First, put your back to the wind.
then, with the cigarette in your mouth, look down, chin to chest if needed
With your lighter in your left hand (striking position) and your left hand making a "shield" placed on top of your right hand, hold it to your chest, placing the cigarette 1" from where the flame will appear.
I've lit a smoke riding in the back of a pickup truck doing 40mph with this method.
How long do bics last? 'Ell if i know, because i lose them way before they are out of flint or fuel! (but magically find them after i bought a new one, I've got a black one, 2 orange ones, and a blue one at the moment)
Strangerous, that sounds about right dude. I have 3 sitting on my desk right now, and the only one that I actually paid for was the blue one.
The lighter that I really like to use though, even though you have to keep cans of fuel around for it, is my Zippo. The thing that IS convienent about keeping the zippo fuel around is you can also use this in your fire starting process, but it does burn out way too fast, and sometimes doesn't ignite the tinder completly and has to be repeated. Vasoline soaked cotton balls are by far the better method.
Neo, actually the Zippo lighter was listed as one of the greatest inventions of the pre 1950 20th century.
One problem with all the lighters is that the flint isn't.
Isn't flint i mean, it's a composite that deteriorates with time and moisture.
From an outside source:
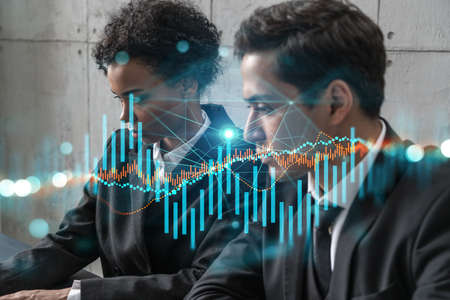 Two businesspeople working on market behavior. Trading concept. Forex graph. hologram.の写真素材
Not a problem unless you have a stash of Bics that you dig up 3-4 years from now and expect to work, they probably wont.
Same problem with the magnesium blocks with a "flint" strip or the "Eternal Match things as well as the Zippo flints, and the highly favored "flint and steel" rods with scrapers. damp and time deteriorate them.
After you use, your magnesium block for example, first chance you get, give the "flint" a light coat of laquer, (or fingernail polish). It had a coating on it when you bought it, you scraped it off the first time you used it, replace it and the whole combo will last as long as you need it to.
'Course a chunk of real flint or chert and a striker doesn't have that problem but you'll want to practice a bit before you decide to rely on that method, unless you hunt with a flintlock of course in that case your probably in pretty good shape for starting fires anyhow!
I was always taught you always carried 3 ways to start a fire, matches, lighter and flint and steel for example. Or even 2 lighters and matches.
Theory is that if you need a fire the chances are you NEED a fire, and probably RIGHT NOW!